▶ What the task asks:
All pictures are to be omitted while the lines starting at the line with "Tie (dbl-sidan) - Regnbåge rand Slips" and ending at the line with "Beautiful czech woman" in the material below are retyped exactly, both ends included.

▶ Excerpted records:
····················
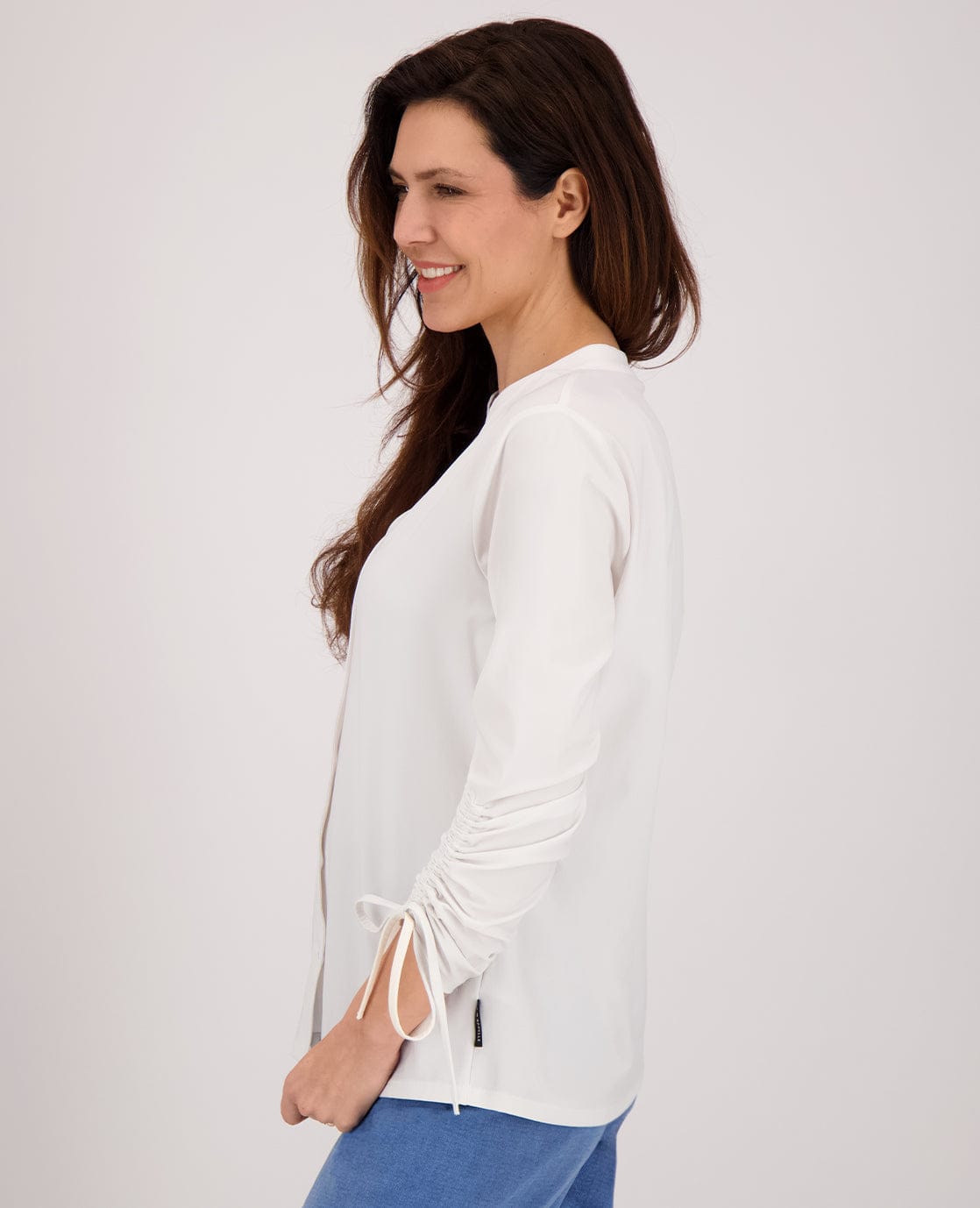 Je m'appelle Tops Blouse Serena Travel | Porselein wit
····················
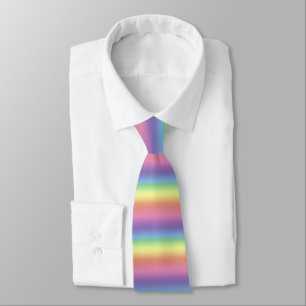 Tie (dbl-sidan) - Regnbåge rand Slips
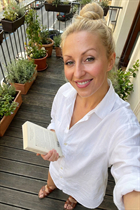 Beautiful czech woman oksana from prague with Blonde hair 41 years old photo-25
····················
▶ Output of the exercise:
 Tie (dbl-sidan) - Regnbåge rand Slips
 Beautiful czech woman oksana from prague with Blonde hair 41 years old photo-25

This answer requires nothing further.